(Image-text web data)
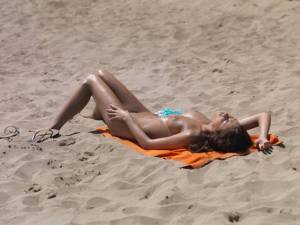 Exclusive Cute Girl Beach Candid u7brecedp5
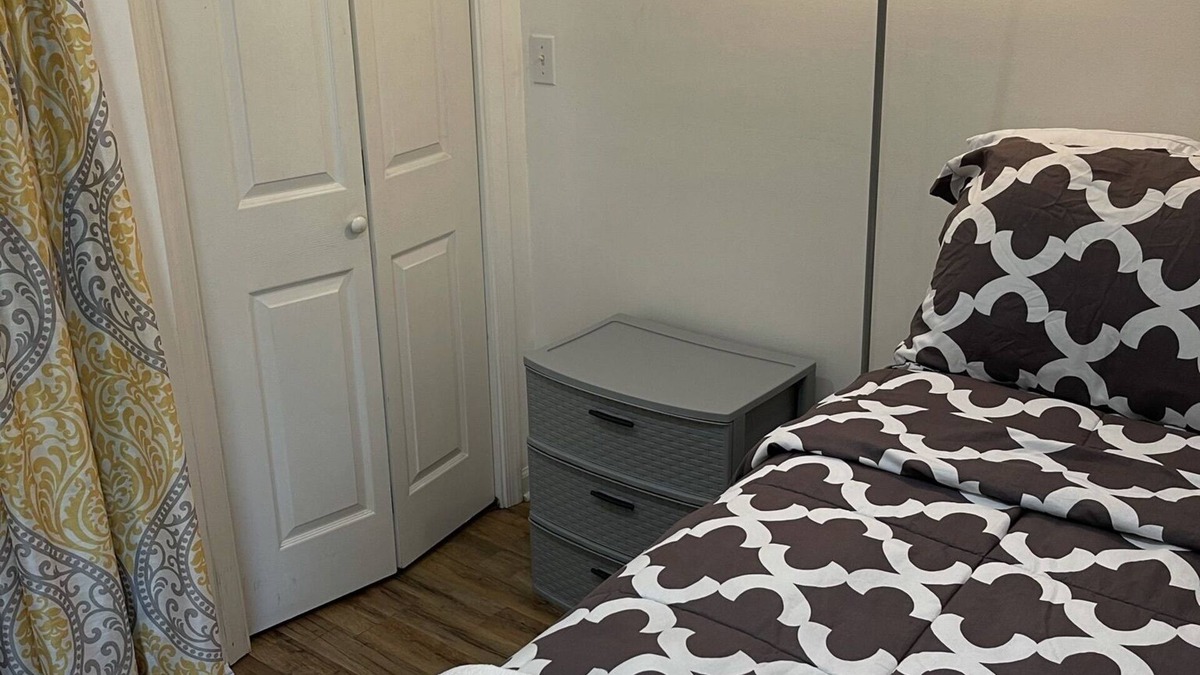 Northwest Cottage | Cozy Comfortable Cottage for One or Two Guest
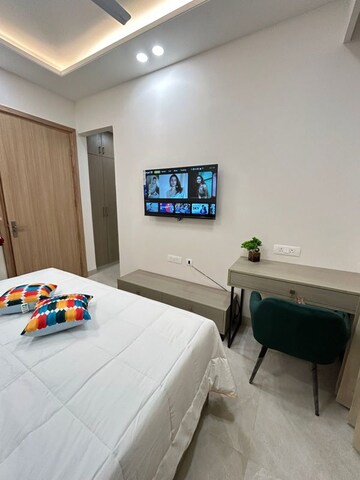 Bedroom in Studio Builder Floor at Birla Arika, Sector 31 – for Rent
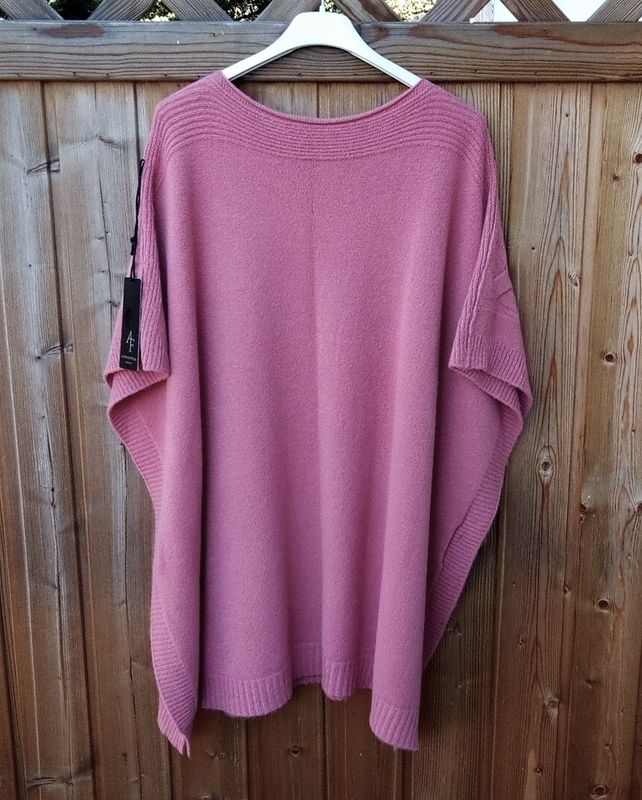 Rosa stickad poncho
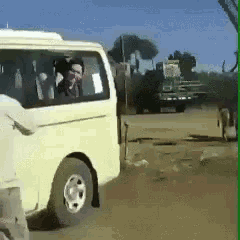 Ouch Open GIF - Ouch Open Car GIFs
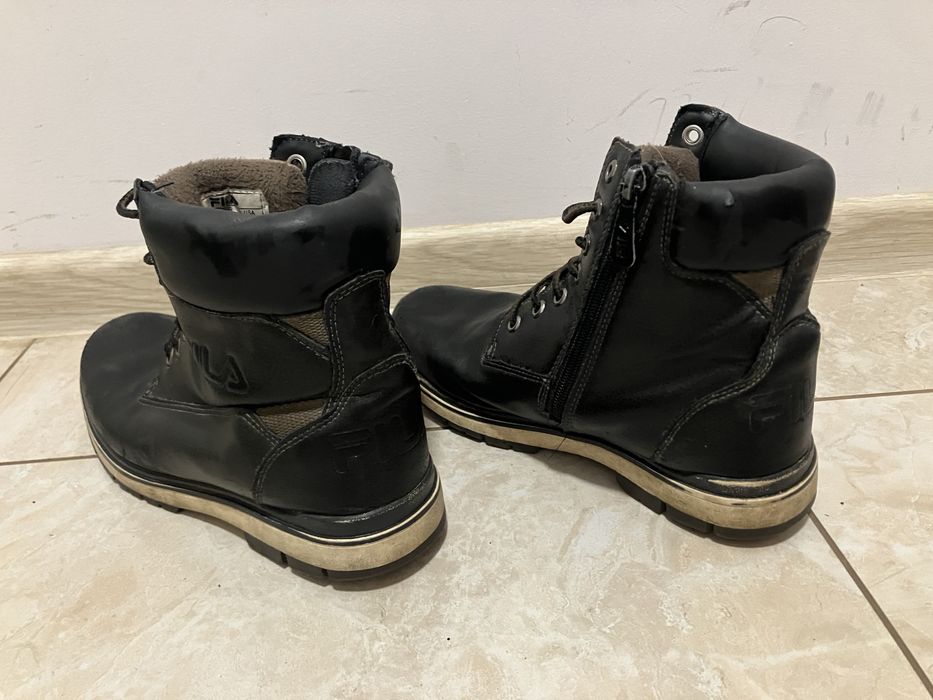 Buty skórzane FILA 37 (22cm)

• TASK TO CARRY OUT:
Exactly as they stand, the entries must be written out again, pictures excluded.

• EXPECTED OUTPUT:
 Exclusive Cute Girl Beach Candid u7brecedp5
 Northwest Cottage | Cozy Comfortable Cottage for One or Two Guest
 Bedroom in Studio Builder Floor at Birla Arika, Sector 31 – for Rent
 Rosa stickad poncho
 Ouch Open GIF - Ouch Open Car GIFs
 Buty skórzane FILA 37 (22cm)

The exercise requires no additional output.